Alors que plus de 5,8 millions d’Haïtiens souffrent d’insécurité alimentaire aiguë, la question de l’accès réel à une alimentation équilibrée demeure entière.
En Haïti, l’idée de « bien manger » se heurte de plus en plus à la réalité économique et sociale des familles. Dans un contexte marqué par l’aggravation de l’insécurité alimentaire, la pyramide alimentaire haïtienne soulève aujourd’hui de nombreuses interrogations quant à son applicabilité sur le terrain.
La version la plus récente de cette pyramide alimentaire, élaborée par le Ministère de la Santé Publique et de la Population, remonte à 2017. Ce document vise à encourager une alimentation équilibrée à travers une combinaison d’aliments répartis en différents groupes nutritionnels.
Le MSPP classe notamment les aliments locaux en trois grandes catégories : les aliments protecteurs, les aliments énergétiques et les aliments constructeurs.
L’objectif affiché est de promouvoir une diversification des repas afin d’améliorer la santé et la nutrition de la population.
Mais dans un pays où des millions de personnes peinent déjà à manger à leur faim, plusieurs observateurs estiment que l’écart entre les recommandations nutritionnelles et la réalité quotidienne reste considérable.
Selon les dernières données publiées par la Coordination nationale de la sécurité alimentaire dans son rapport d’avril 2026, plus de la moitié de la population haïtienne est confrontée à une insécurité alimentaire aiguë, soit la phase 3 ou plus de la Classification intégrée de la sécurité alimentaire (IPC).
Les chiffres du Programme alimentaire mondial et de l’Organisation des Nations Unies pour l’alimentation et l’agriculture confirment également l’ampleur de la crise alimentaire dans le pays.
Les violences armées, les déplacements de population, l’inflation et la faiblesse de la production agricole continuent d’aggraver la précarité de nombreuses familles vulnérables.
Dans ce contexte, respecter les proportions et les recommandations de la pyramide alimentaire devient un défi majeur pour une grande partie de la population.
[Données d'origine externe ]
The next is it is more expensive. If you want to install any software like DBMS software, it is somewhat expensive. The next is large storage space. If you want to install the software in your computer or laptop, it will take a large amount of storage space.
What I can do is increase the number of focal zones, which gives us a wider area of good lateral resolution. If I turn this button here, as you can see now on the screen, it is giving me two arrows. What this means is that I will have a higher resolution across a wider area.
Historiquement, les habitudes alimentaires des familles haïtiennes dépendent fortement des saisons agricoles, de la disponibilité des produits locaux et surtout du pouvoir d’achat des ménages.
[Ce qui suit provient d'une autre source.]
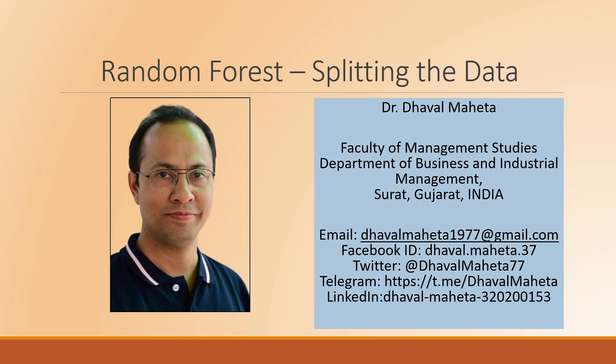Hello to all of you, this is Dr. Dabal Mehta and today we will understand how to split the data into training and testing data set while running the random forest in regression analysis.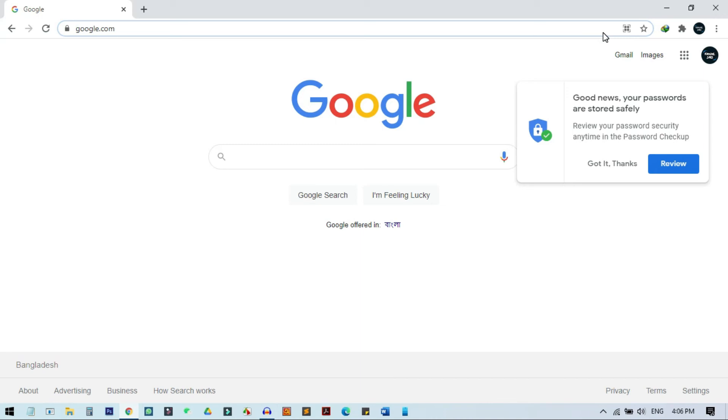This is how you can send any webpage URL to your phone without just copy paste or any other things, but in a simple click using the Chrome browser. I hope you guys learned something new, and if you learned something new please hit the like button and subscribe to my channel for more videos like this. I'll see you guys on the next video.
Lorsque certains aliments deviennent rares ou trop coûteux, les familles se tournent vers des solutions de survie souvent éloignées des principes d’une alimentation équilibrée.
Cette réalité relance le débat sur l’efficacité et la pertinence des politiques nutritionnelles dans un pays confronté à une crise alimentaire structurelle.
Plusieurs spécialistes estiment que les politiques publiques devraient davantage intégrer les réalités économiques locales, encourager la production nationale et améliorer l’accessibilité des produits nutritifs pour les ménages les plus vulnérables.
Au-delà des recommandations théoriques, la question centrale demeure celle de l’accès réel à une alimentation suffisante, diversifiée et abordable pour l’ensemble de la population haïtienne.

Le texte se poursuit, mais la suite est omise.